The very nature of the proposed agreement, from what has been explained, show it is not something that will be forced on this country like the13th Amendment to the Constitution. The progress that both Sri Lanka and India have made since 1987, the changes in international relations, and the contents and substance of the Agreement, would certainly make the ETCA an understanding of value to both Sri Lanka and India, with neither benefitting from any backhand nor hidden action for or against the other.
The Government, and the Prime Minister, who is the ETCA mover in Sri Lanka, must make wider use of the media and all opportunities to address the professionals, the public, the employed, unemployed and youth, on the actuality of the ETCA, and show how it will make a vast improvement to employment opportunities, better skills for our people, and more investment in Sri Lanka.
Issues of credibility
While criticism on the ETCA can be met with good and effective debate, the Government is faced with other issues of credibility by ministerial behaviour, which point to emerging MR trends, and not those of good governance. Higher Education Minister Lakshman Kiriella’s letter recommending employment of a Temporary Lecturer in Political Science to the University of Kelaniya stands out as the stuff of bad politics and non-ministerial duty.

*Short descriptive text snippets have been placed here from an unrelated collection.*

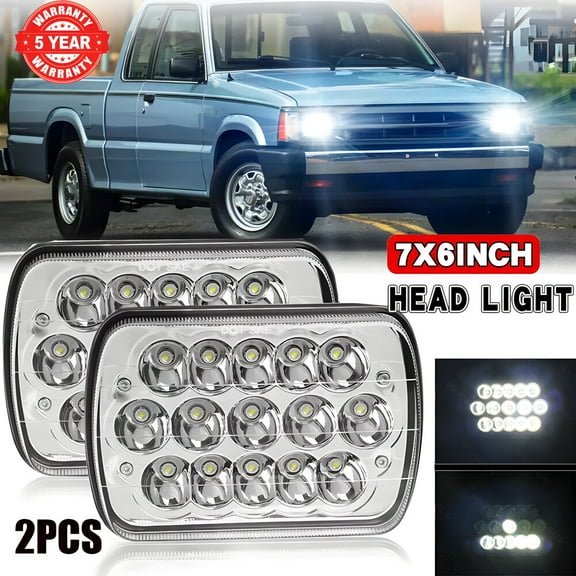 200W 7x6" 5x7 LED Headlight For Mazda Pickup B2000 B2200 B2600 1986-93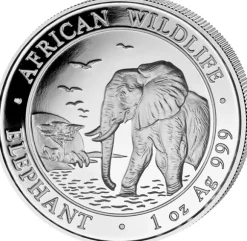 Somalia Elefant 1 Unze Silber 2010*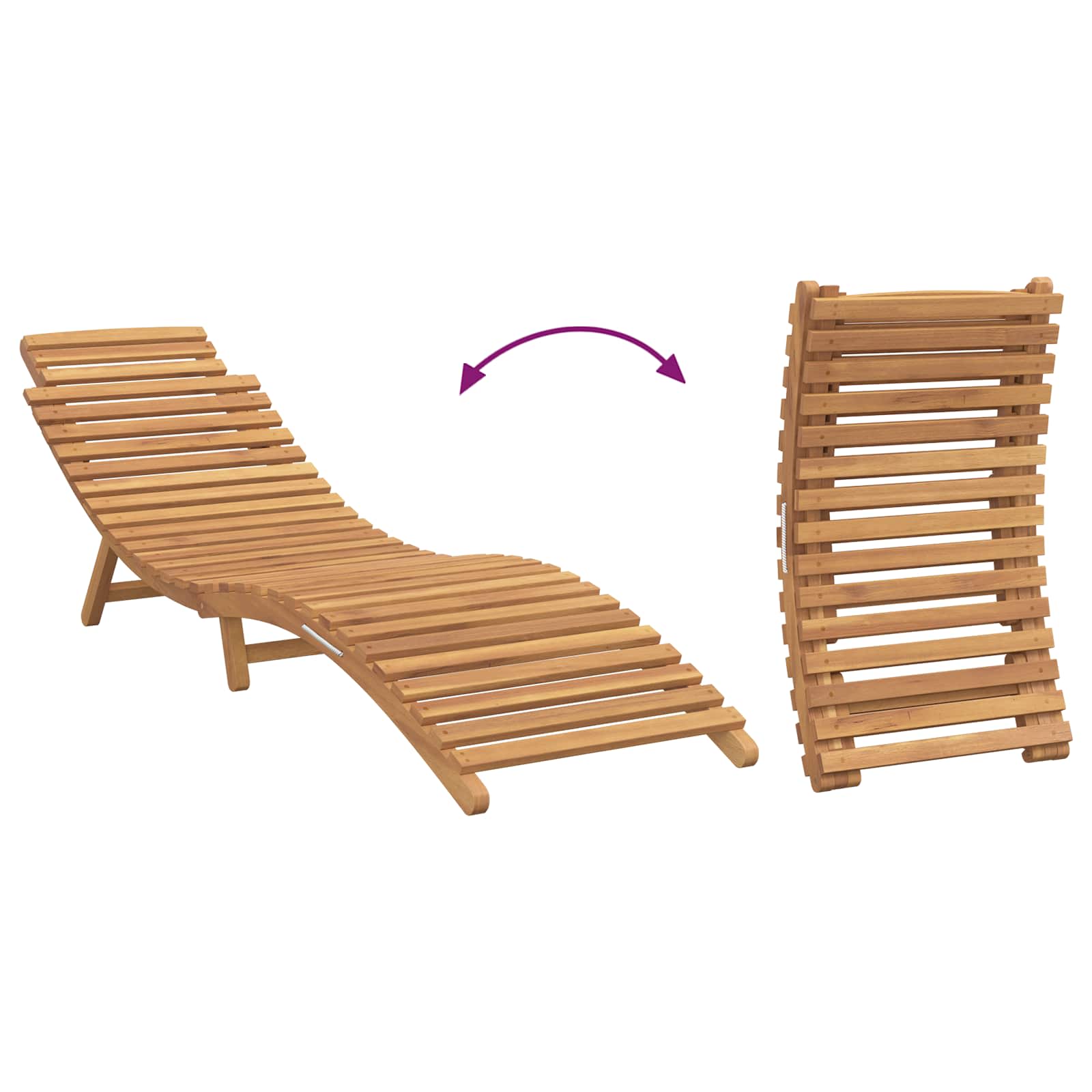 Solstol Brun 198 X 55 X 58,5 Cm Massivt Teaktre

This is not unlike Namal Rajapaksa MP’s letter given some time ago for the enrolment of a student who was not selected to a university on the Z-score tally. The latter being to assist a student who wanted to learn more, gives sympathy to it, unlike the recommendation of Minister Kiriella – while both remain incorrect and deserve condemnation.
The Government – both the UNP and SLFP – has to make it clear that such action does not help in its image or message of good governance. It must fight the growing trends towards nepotism, and political favouritism that we see emerging, with the same seriousness as its slogans against all that was foul of the Rajapaksa Regime. The same passage is not the path of progress for good governance promised to the people.